За несколько лет до лагеря, еще будучи студентом, я выучил небольшое количество немецких слов, чтобы иметь возможность разбираться в текстах по химии и физике, а вовсе не для того, чтобы выражать свои мысли на этом языке или понимать немецкую речь со слуха. Это были годы, когда уже вступили в силу фашистские расовые законы, поэтому встретиться с немцем в Италии или самому поехать в Германию было для меня маловероятно. Брошенный в лагерь, я, несмотря на растерянность первых дней (а может, как раз благодаря ей) довольно быстро понял, что мой скудный Wortschatz [36] — путь к выживанию. Дословно «Wortschatz» переводится как «словесное сокровище», и я не знаю перевода, который более точно выражал бы смысл этого понятия. Знание немецкого означало жизнь; чтобы в этом убедиться, достаточно было оглядеться по сторонам: мои товарищи итальянцы, не понимавшие ни слова по-немецки (исключение составляли немногочисленные триестинцы), тонули один за другим в бурном море непонимания. Не реагируя на команды, смысл которых до них не доходил, они получали тумаки и пощечины, не понимая при этом, за что. Согласно рудиментарной лагерной этике любой удар должен был иметь хоть мало-мальское обоснование; так легче усвоить тройственное правило: «нарушил — получил — осознал». Недаром поэтому капо и их подручные часто сопровождали удары рявканьем: «Понял, за что?» Непонимание в глазах наказанного требовало краткого «разъяснения проступка», но тратить время на вновь прибывших глухонемых было неоправданной роскошью. Они инстинктивно забивались в угол, чтобы защититься хотя бы со спины: нападения можно было ждать с любой стороны. Они затравленно глядели по сторонам, как животные, попавшие в западню, а некоторые и в самом деле превращались в животных.

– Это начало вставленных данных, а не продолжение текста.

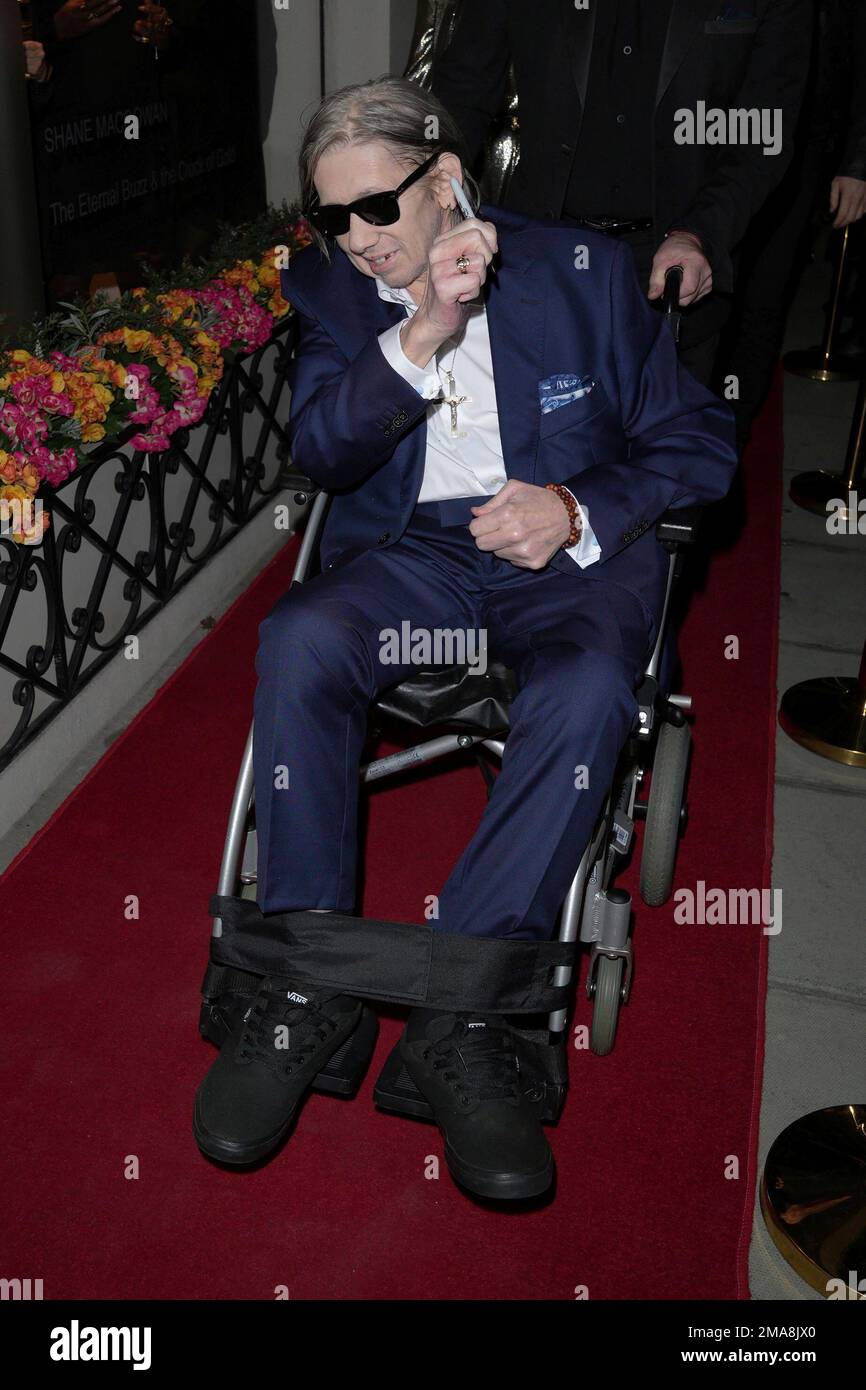 Shane MacGowan poses for photographers upon arrival at the Shane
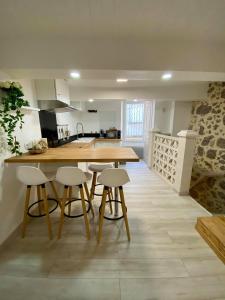 cocina con mesa de madera y taburetes en Le Cosy City - Agde Centre en Agde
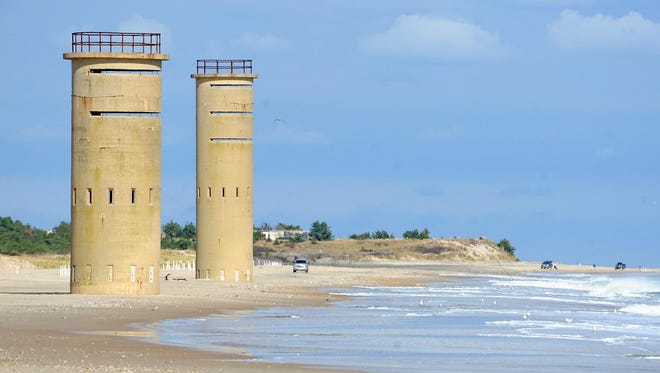 World War II sentry towers along the Delaware coast give beaches near Cape Henlopen a unique view.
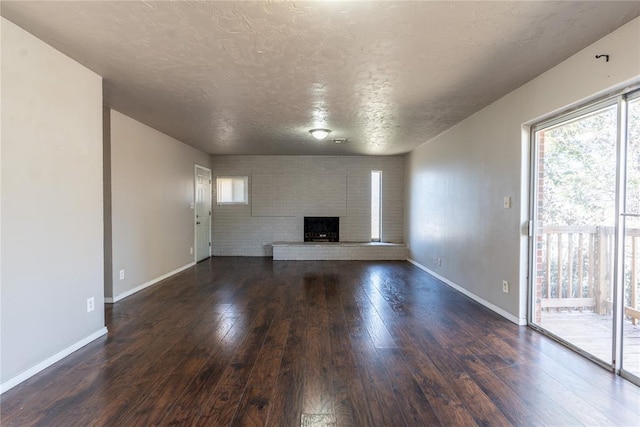 unfurnished living room featuring dark wood-type flooring, a brick fireplace, baseboards, and a textured ceiling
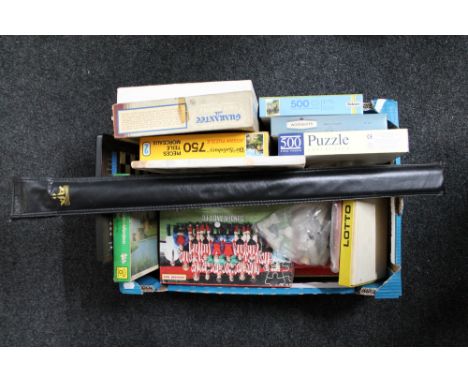 A box of vintage board games and puzzles, cased snooker cue, electronic chess board 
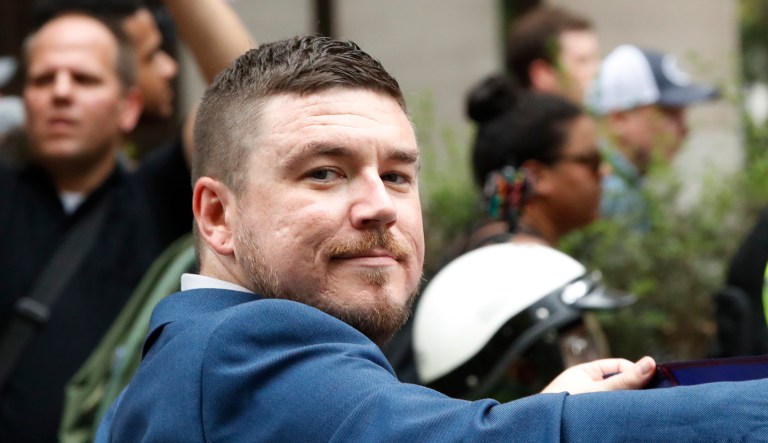 White nationalist Jason Kessler walks to the White House to rally on the one year anniversary of the Charlottesville "Unite the Right" rally on Sunday in D.C.
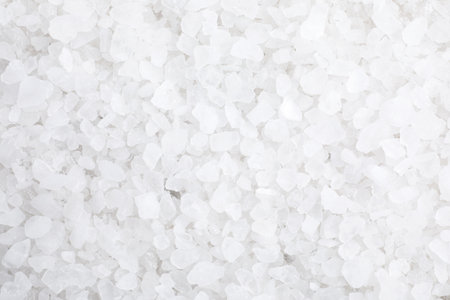 White sea salt as background, top view. spa treatmentの写真素材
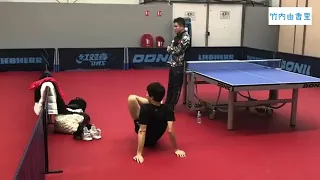 Table Tennis Lin Gaoyuan carefully observing Tomokazu Harimoto during practice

Многим моим соотечественникам жизнь спасала товарищеская помощь французов и испанцев, чьи языки не были такими чужим для итальянца, как немецкий. В Освенциме испанцев не было, зато французов (точнее, депортированных из Франции и Бельгии) было множество, в 1944 году — около 10 % всех заключенных. Часть попала в лагерь из Эльзаса, много было немецких и польских евреев, бежавших в 30-е годы во Францию в надежде найти убежище, но оказавшихся в мышеловке. Все они — кто лучше, кто хуже — знали немецкий и идиш. Коренные жители Франции — рабочие, буржуазия, интеллигенция — прошли за год или за два до нас примерно такой же естественный отбор, как мы в 1944-м. Те, кто ничего не понимал, быстро сошли со сцены; оставшиеся, все почти метеки[37], которых Франция в свое время приняла очень плохо, получили возможность невеселого реванша. Они и стали нашими переводчиками: переводили нам приказы, распоряжения, вопросы («у кого рваная обувь?»), команды («встать», «все по местам», «в очередь за хлебом», «по трое», «пятерками» и т. д.).
Конечно, этого было недостаточно. Я упросил одного эльзасца провести со мной в частном порядке ускоренный курс немецкого языка, раздробив его на уроки вполголоса между отбоем и сном. За уроки я обещал платить хлебом, другой денежной единицы не существовало. Он согласился, и, должен сказать, никогда еще ни один труд не был так достоин вознаграждения, как этот. Он объяснил мне, что означают выкрики капо и эсэсовцев, перевел пошлые остроты, написанные готическими буквами на балках барака, растолковал, что означают цвета треугольников над номерами на наших куртках. Благодаря ему я понял, что краткий, рычащий, изобилующий непристойностями и богохульствами лагерный немецкий имеет слабое отношение как к точному и строгому языку химических статей, так и к утонченному музыкальному языку Гейне, чьи стихи читала мне наизусть Клара, моя сокурсница.